To think that TV chefs don't get the point of takeaways?(121 Posts)
Every celebrity chef, cookbook author and blogger seems to do it at some point. The compulsory "make your own takeaway!" episode/chapter/blog. Recipes for curry, sweet and sour chicken, your own hand battered fish and chips. The reasons vary "So much CHEAPER" "So much HEALTHIER" "So much TASTIER" "So much QUICKER".
This shouldn't irritate me so much but it does. I know how to make a bloody curry. But if I don't have any food in then no, it's not quicker to go to the shop, buy all the ingredients, make it from scratch, and wash everything up afterwards.
Sometimes, people just don't feel like cooking. They're ill. They just spent ages cleaning their kitchen and can't face messing it up again. They had a rough day and are knackered. So cooking the same thing isn't going to serve the same purpose of NOT COOKING! Why do none of them seem to grasp this?!
(The exception to this is Nigella, who once did an episode where she got chips from the chippie. And put them in a wrap with hummous, but still...)
I never eat takeaways - you certainly do not know what is in them - full of rubbishy ingredients I think. Much rather make my own food and know what I am eating.
Yanbu! I do make fakeaway food sometimes and it's nice, but it's in no way a replacement for choosing various dishes that just appear without any effort. Not to mention lack of clearing up.
I think it's useful to try to cook if you feel you're having too many takeaways.
Totally with you op.
There are very few things that raise my hackles in life but TV chefs have number one slot.
I cook meals all week for five adults.
Sometimes a takeway is justthe ticket.
For me it's the effort, planning buying a meal, clearing up afterwards.
A takeway leaves the kitchen tidy- apart from few plates.

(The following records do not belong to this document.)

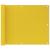 Paravan pentru balcon, galben, 75 x 600 cm, HDPE GartenMobel Dekor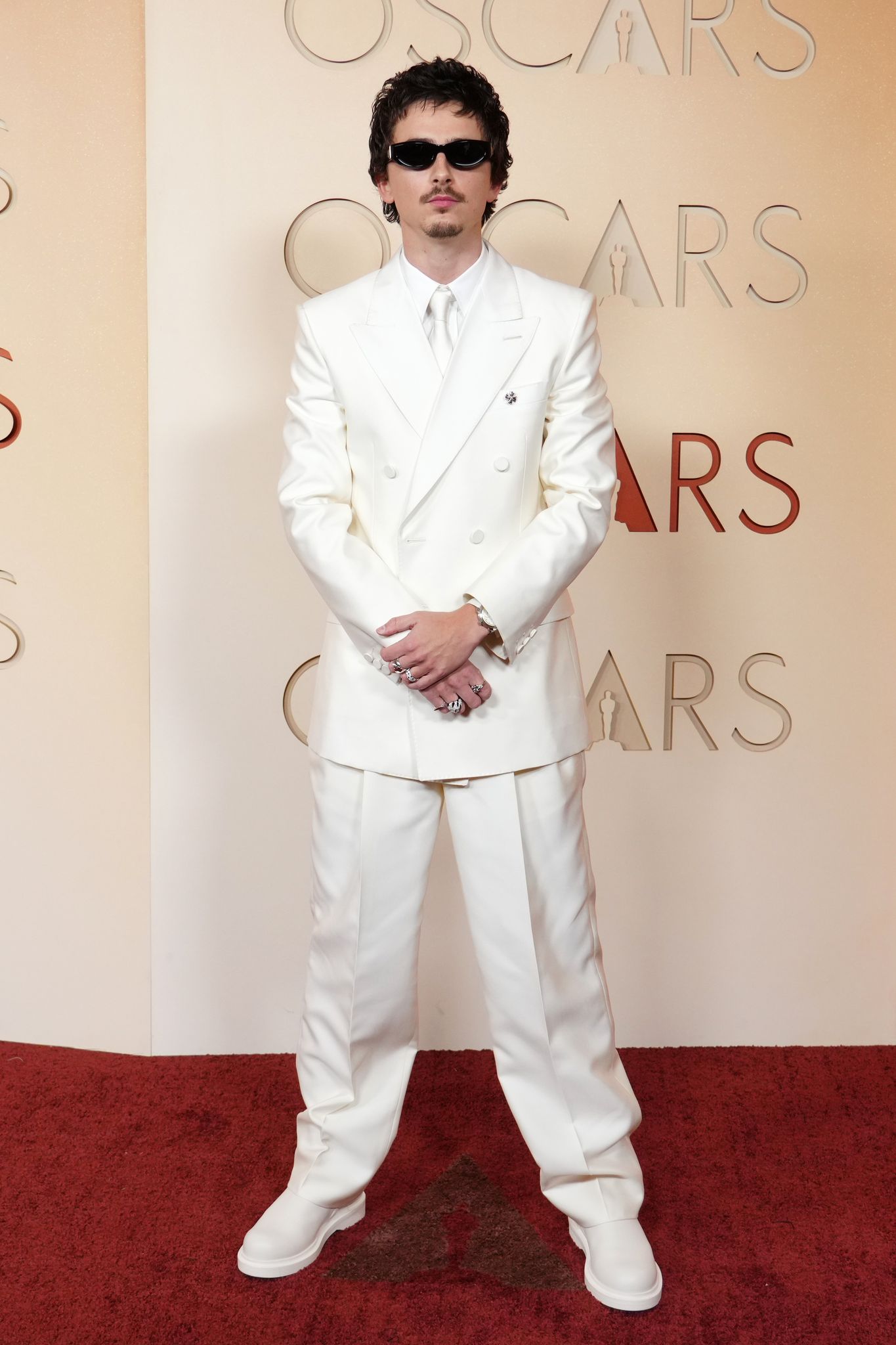 Timothée Chalamet geht ohne Oscar nach Hause. 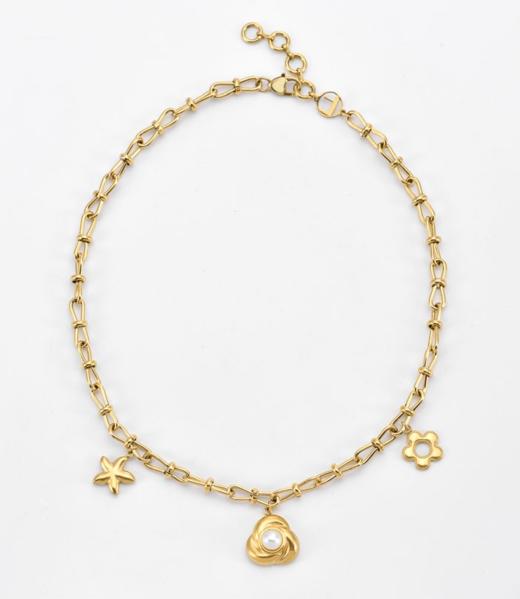 FOR ART'S SAKE DAISY系列项链-金色/银色 两色可选 商品图1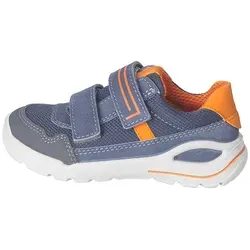 Ricosta Leder-Sneakers "Rider" in Dunkelblau/Orange, Größe 30 - Sneaker für Kinder mit rutschhemmender Laufsohle und verstärkten Kappen. Ideal für aktive Kids, die Komfort und Sicherheit schätzen.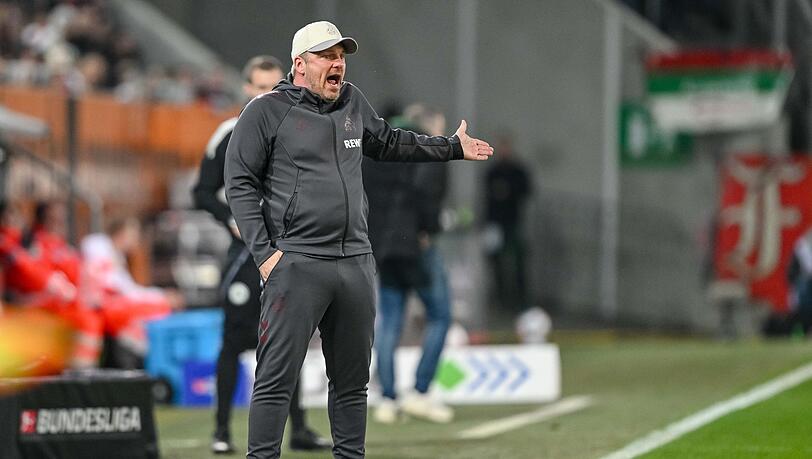 K&ouml;lns Trainer Lukas Kwasniok war bedient.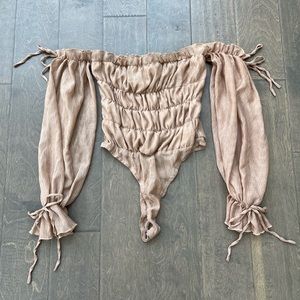 Off The Shoulder Bodysuit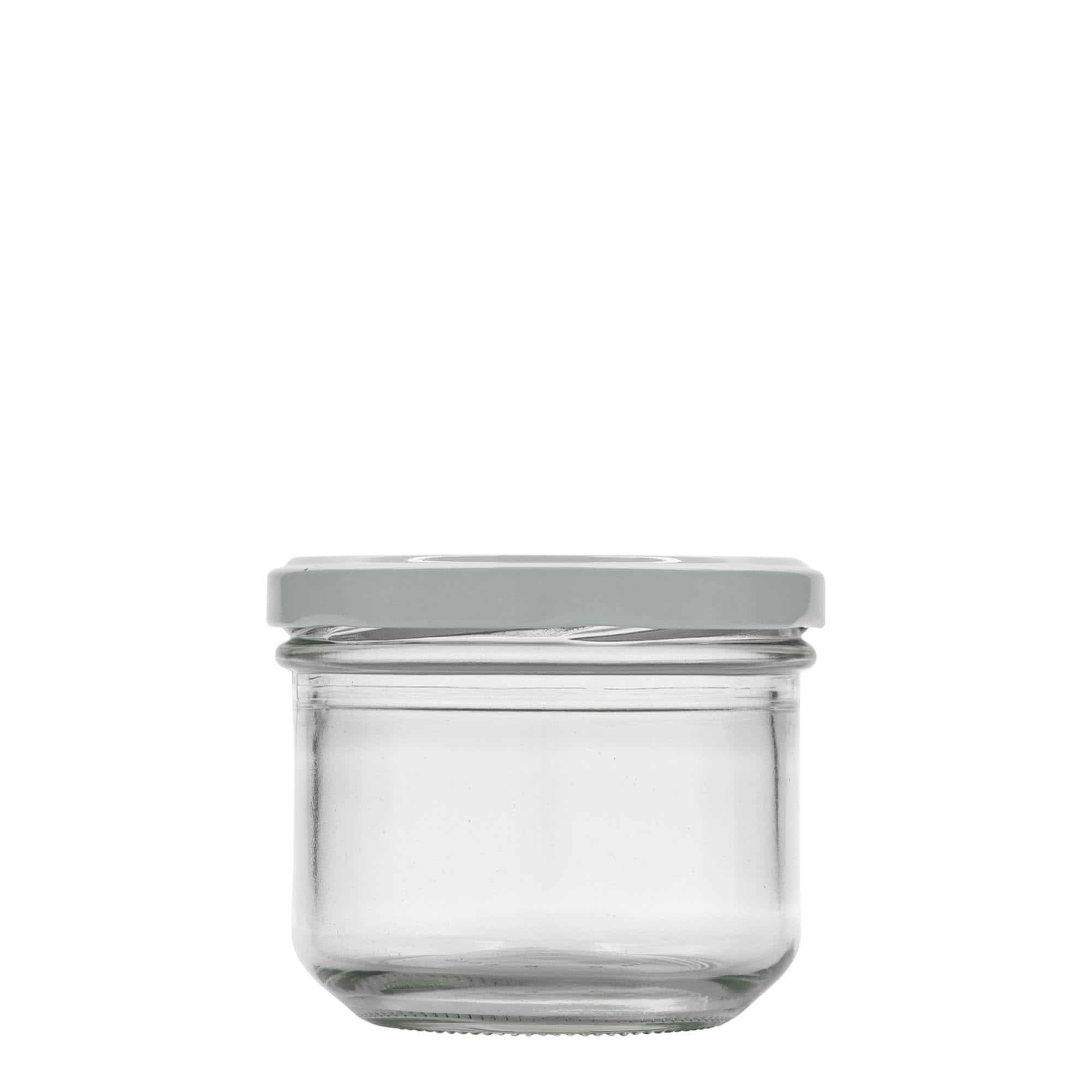 Κυλινδρικό βάζο 250 ml, στόμιο: twist-off (TO 82)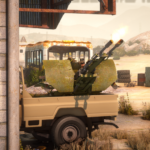 Toyota Land Cruiser j79 2020 | ZU-23 [Add-On | FiveM] V1.0
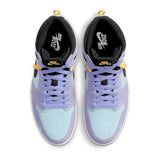 Air Jordan 1 High Switch 'Purple Pulse'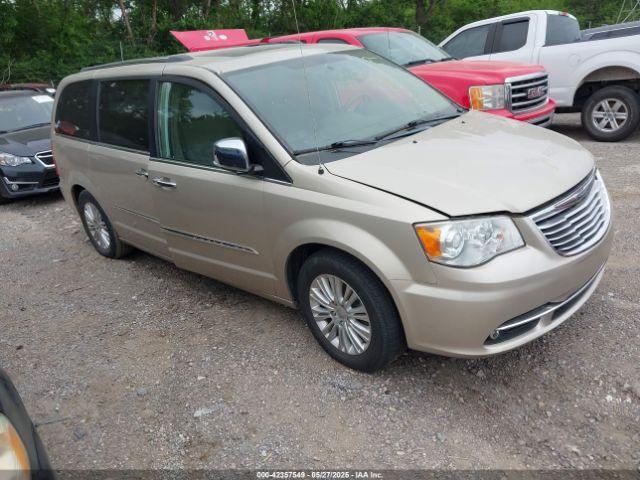  Salvage Chrysler Town & Country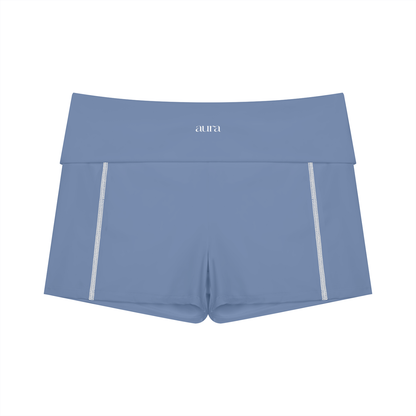 Women's High Waisted Yoga Biker Shorts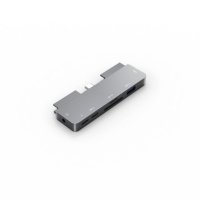 Адаптер IKATAK 7 в 1, USB-C към HDMI 4k 30HZ, 1 x USB3.0, аудио, SD, TF, 2 x USB-C, снимка 1 - Друга електроника - 40850207
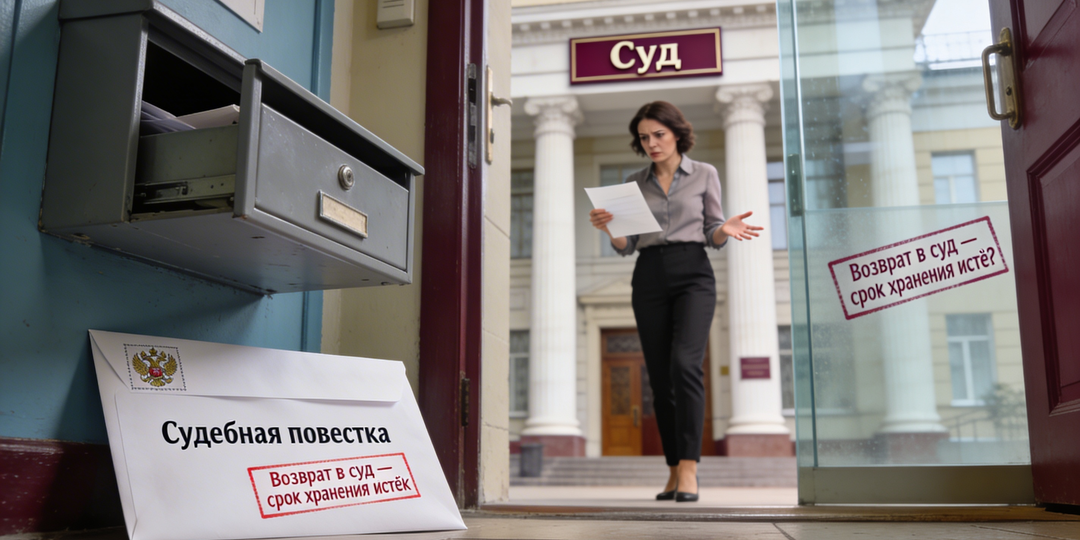 Повестку отправили, но не вручили — значит, все равно известили? Верховный суд остановил удобную практику судов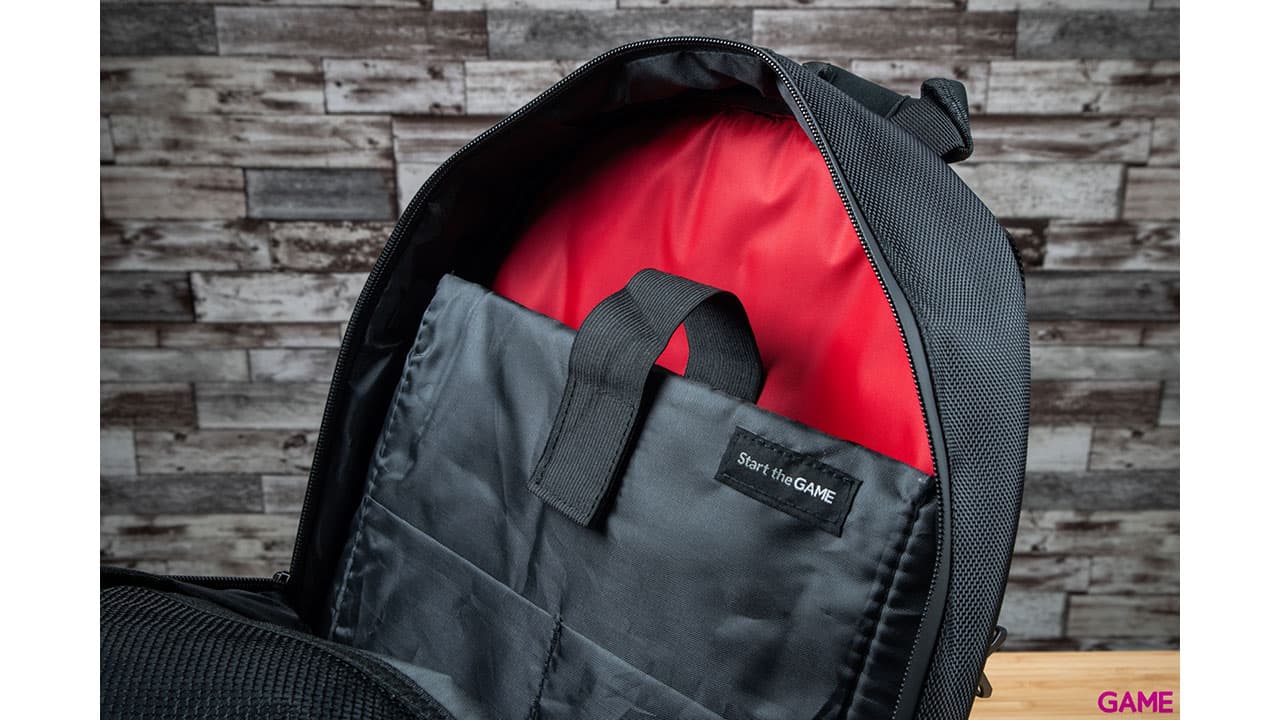 GAME BP220 Portatil 15,6" - Mochila Gaming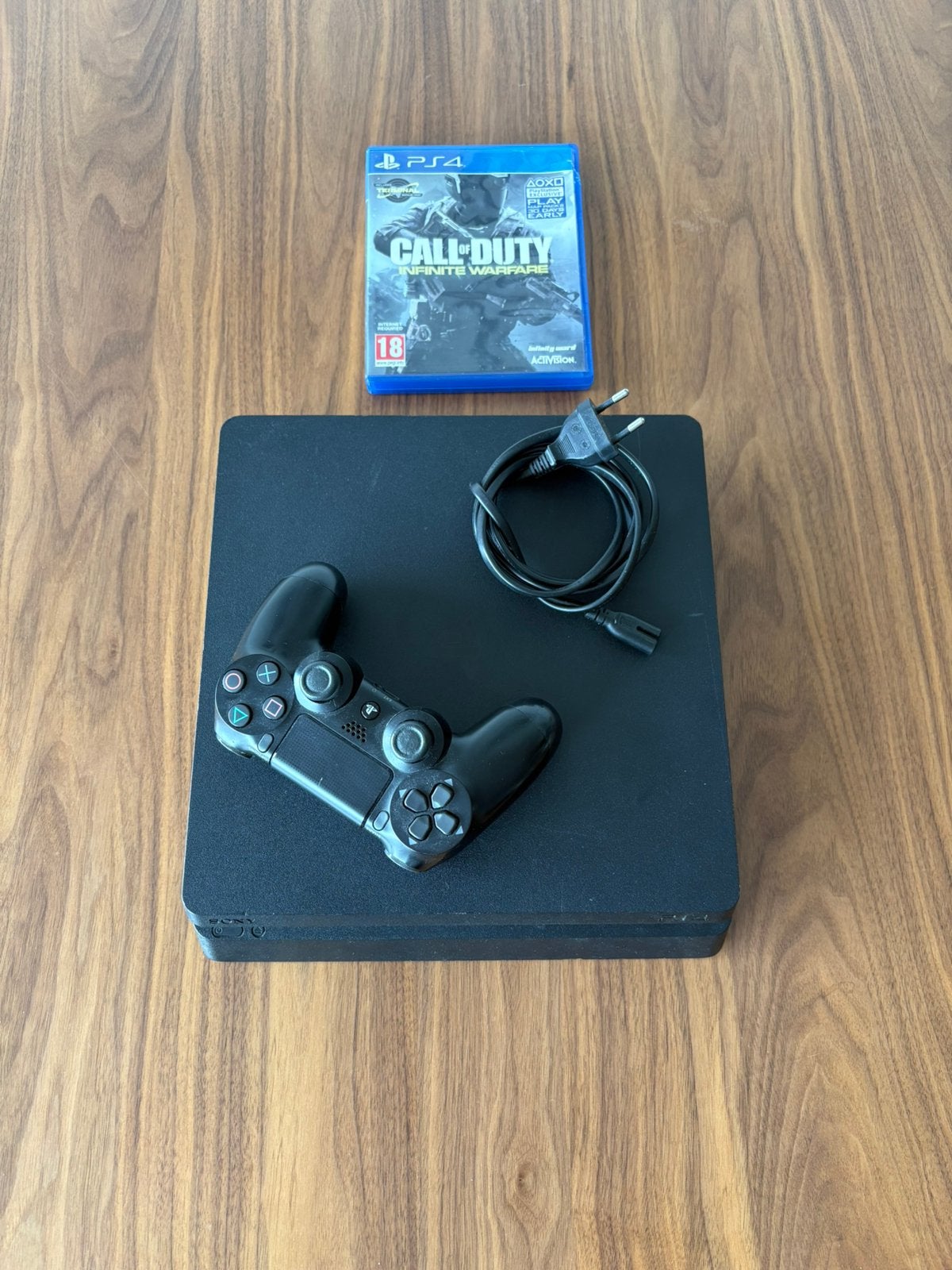 Playstation 4 Slim, Ophalen, Gebruikt, Met 1 controller, Slim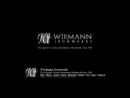 Website Snapshot of Wiemann Iron Works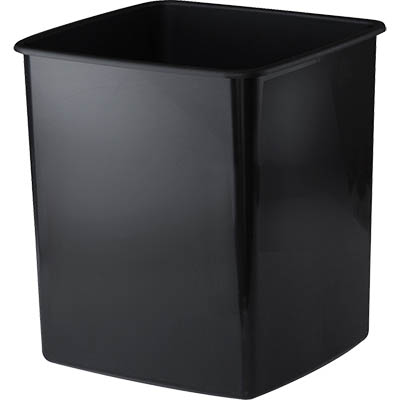 Image for INITIATIVE TIDY BIN 15 LITRE BLACK from Tristate Office Products Depot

I find TV chefs arrogant- evan the lovely Nigel Slater who seems to think that a supper can be arranged around a left over slice of brie and a few figs in a brown paper bag.
No obvious kids around and a team to wash up.
I’ve never been able to do a Chinese fakeaway that tastes anything as good as our local Chinese takeaway.
We had a takeaway tonight. Busy day visiting, lots of socialising, driving etc. Did NOT want to come home and make dinner.
I bought Sweet and Sour Chicken, chicken curry, crispy shredded beef, mixed veg chow mein and special fried rice. It's done 3 large meals tonight and will do 2 more lunches.
NOT A CHANCE would I have made all that! At a push it would have been the S&S, rice and chow mein. A takeaway gives you the chance to mix and match more meals.
I have a solution! Don't read celebrity cookbooks!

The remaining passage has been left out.